TISは3月16日、次世代LPWA(Low Power Wide Area)技術であるZETAの日本総代理店であるテクサーと共同で、「富山市センサーネットワーク」を活用した「公共施設環境の見える化による快適な施設利用やエネルギー効率化」の実証実験を、2019年12月10日から2020年1月31日にかけて富山市科学博物館と富山市立図書館本館で実施したと発表した。
今回の実証実験では、施設管理の最適化と利用者の快適性向上の検証を目的に、IoT環境の構築におけるLPWAのZETAとLoRaWAN(低消費電力の広域ネットワークプロトコル)を利用した用途に応じた施設の最適化の検証及び、収集したデータを富山市センサーネットワークのIoTプラットフォームである「FIWARE(ファイウェア)」(FI(Future Internet)WARE、次世代インターネット基盤ソフトウェア)に集約し分析して可視化の2点を実施した。
なお富山市センサーネットワークは、ICTを利用して都市機能やサービスを効率化・高度化するスマートシティの実現に向けて、同市が構築した基盤。
実験では、施設に設置したLPWAのZETAとLoRaWANの通信環境で、IoTデバイスによる温湿度や照明などの環境データや利用状況、人流データを収集して、富山市センサーネットワークのFIWAREに集約したとのこと。
温湿度センサー・人感センサー・照度センサーを50個、博物館での人流調査にはビーコン25個を利用して1日100グループの来館者の協力を受け、可視化を実施したという。
科学博物館では2019年12月10日から12月28日にかけて、館内温度・湿度及び人の移動の可視化を実施。
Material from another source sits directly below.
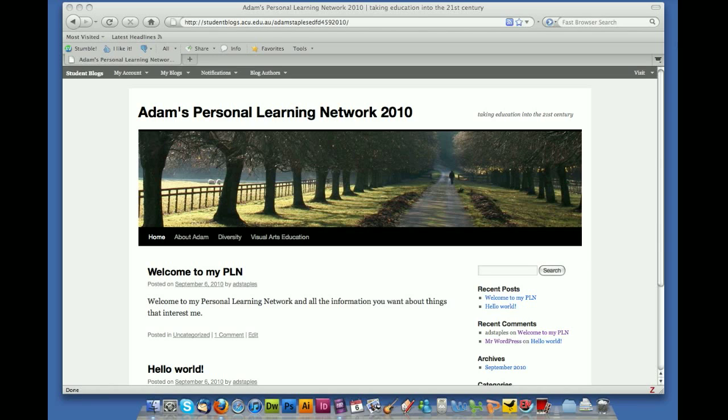Welcome to PLN tutorial number 8. In this tutorial I'm going to jump the gun a little bit and talk you through how you can change the header on your blog.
図書館本館では1月8日から1月31日にかけて、閲覧室利用状況、書庫の温度・湿度、開架図書エリアの利用状況それぞれの可視化を実施した。
実証実験により、複数種類のLPWAからのデータを可視化したことで、施設管理に利用できる多様な情報を入手できることがわかったという。
具体的な利用方法として、同社は以下の4点を挙げる。
・施設の温湿度データから、どの場所の空調管理が必要かわかり、施設の環境改善を図ること。
・施設の利用状況により、来館者が興味のある展示物や図書の種類を特定することで展示物などの充実を図ること。
・館内アナウンスによる来館者の移動情報を分析することで、アナウンスの有効性や効果的な情報がどういったものなのかの検討。
・閲覧室の利用状況から、利用者への有益な情報の提供。
同社は、センサーデータから収集した情報が多くの課題解決に利用できると考えており、今後は定常的、季節ごと、イベントごとなどの計測や、センサー以外の情報との組み合わせによる分析などを行い、富山市や他の自治体に提案を行っていくとしている。